- Khirmanjyg / Tsaghkavank
- Coordinates: 39°32′37″N 47°05′27″E﻿ / ﻿39.54361°N 47.09083°E
- Country: Azerbaijan
- District: Khojavend

Population (2015)
- • Total: 4
- Time zone: UTC+4 (AZT)

= Xırmancıq =

Khirmanjyg (Xırmancıq) or Tsaghkavank (Ծաղկավանք) is a village in the Khojavend District of Azerbaijan, in the disputed region of Nagorno-Karabakh. The village had an ethnic Armenian-majority population prior to the 2020 Nagorno-Karabakh war, and also had an Armenian majority in 1989.

== History ==
During the Soviet period, the village was part of the Hadrut District of the Nagorno-Karabakh Autonomous Oblast. After the First Nagorno-Karabakh War, the village was administrated as part of the Hadrut Province of the breakaway Republic of Artsakh.
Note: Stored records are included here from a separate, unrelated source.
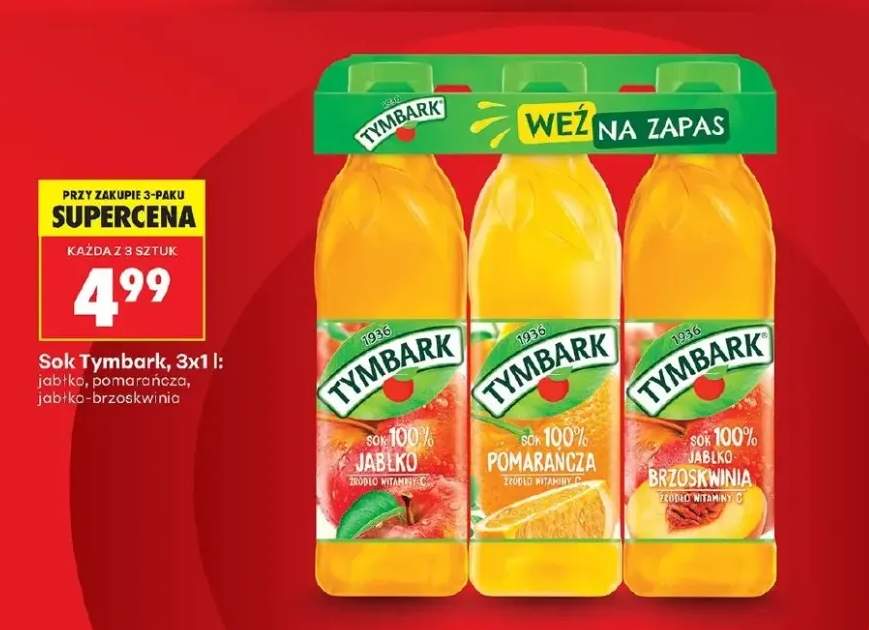 Sok jabłkowy 100% Tymbark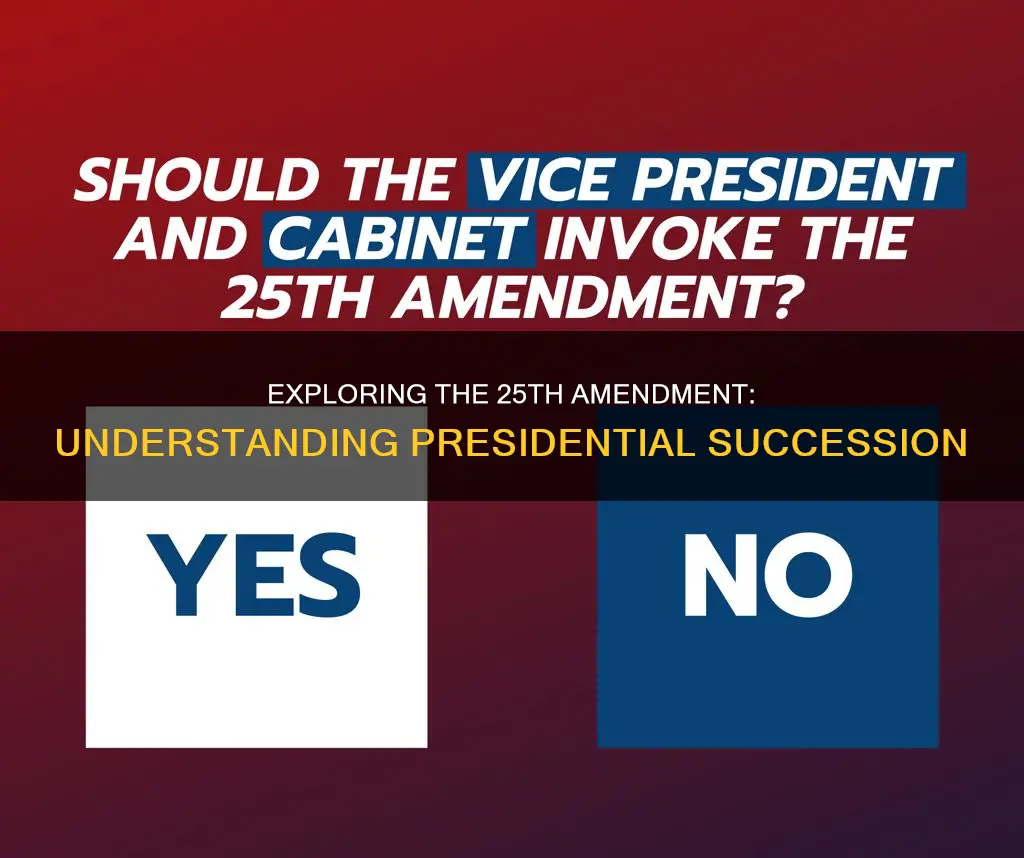 what does the 25th amendment of the constitution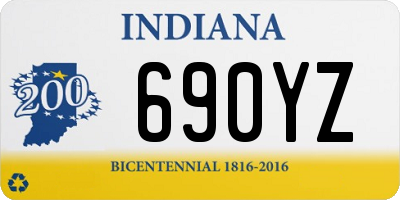 IN license plate 690YZ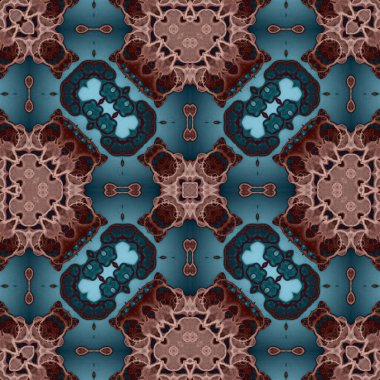 Kare, pürüzsüz desenler. Harika dijital şablonlar ördüm. Modern moda. Kaleydoskop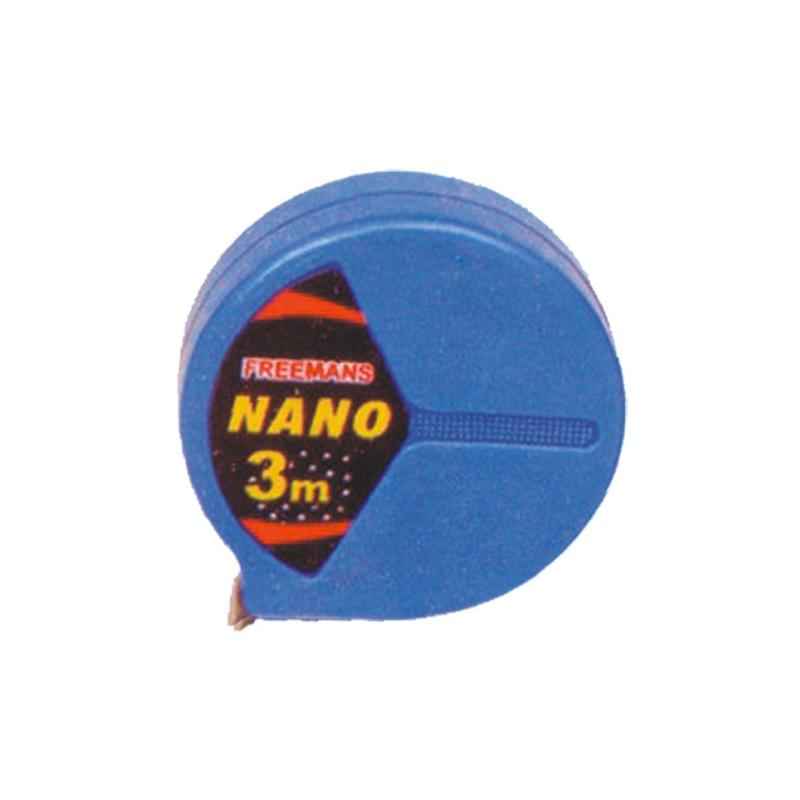 Freemans Nano Blue Steel Tape Rules with Lock, Length: 3 m, Width: 13 mm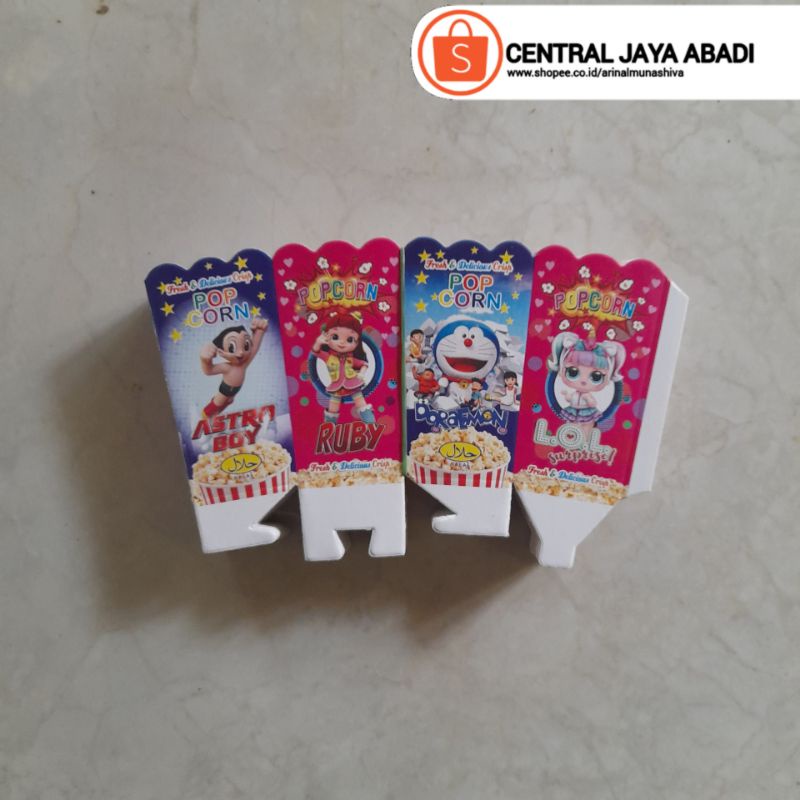

100 LEMBAR KERTAS POPCORN 9 × 5 BAHAN IVORY PUTIH HIGH QUALITY (SERI C) DUS POP CORN KOTAK POPCORN KEMASAN POP CORN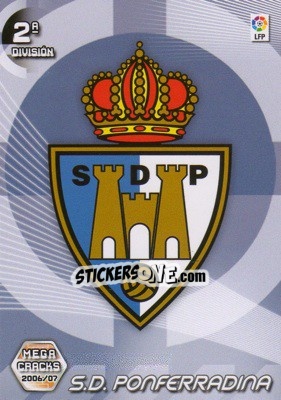 Sticker S.D. Ponferradina (Emblema) - Liga 2006-2007. Megacracks - Panini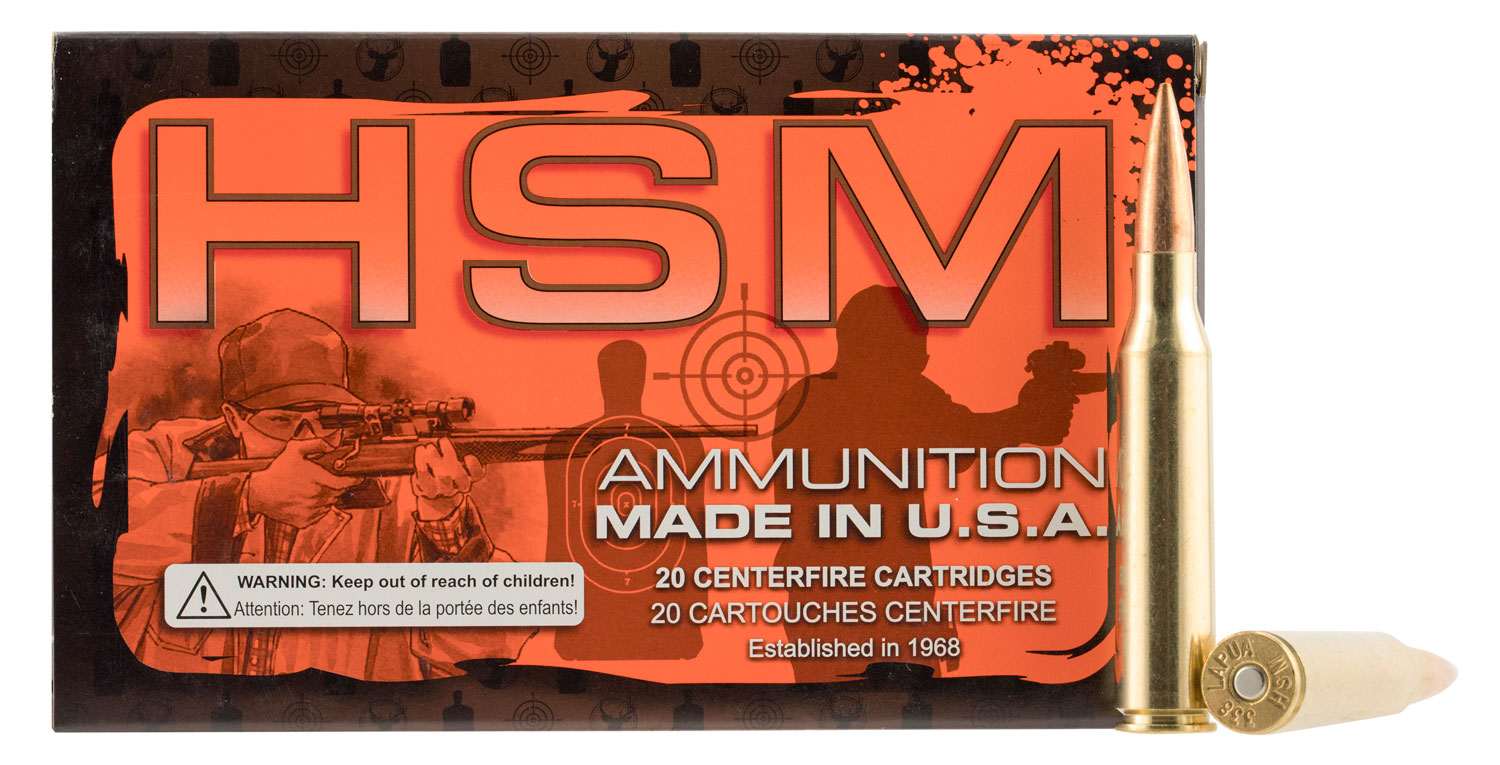HSM 338LAPUA3N68 Match 338 Lapua Mag 300 gr Sierra MatchKing BTHP 20 Per Box/ 20 Case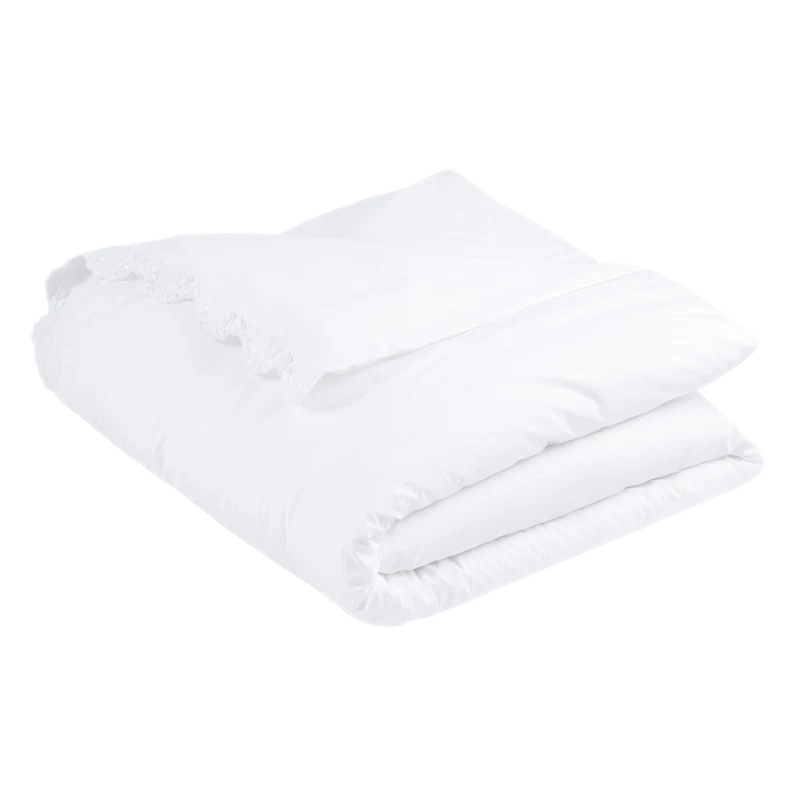 Housse de couette brodée Héloïse - Percale de coton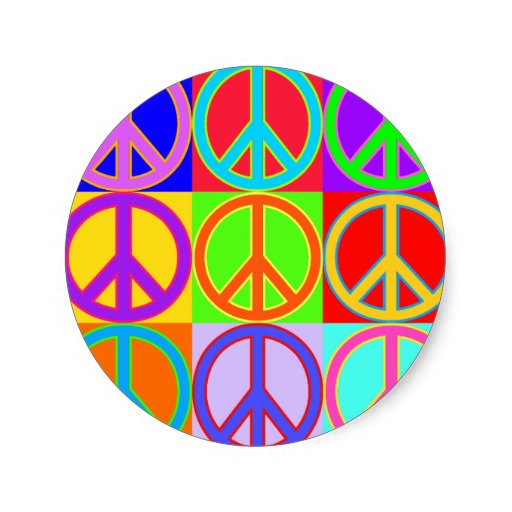 Colorful Peace Sign T-Shirts, Colorful Peace Sign Gifts, Art ...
The village came under the control of Azerbaijan during the 2020 Nagorno-Karabakh war.

== Historical heritage sites ==
Historical heritage sites in and around the village include the 19th-century church of Surb Astvatsatsin (Սուրբ Աստվածածին, lit. 'Holy Mother of God'), and a 19th-century cemetery.

== Demographics ==
The village had 16 inhabitants in 2005, and 4 inhabitants in 2015.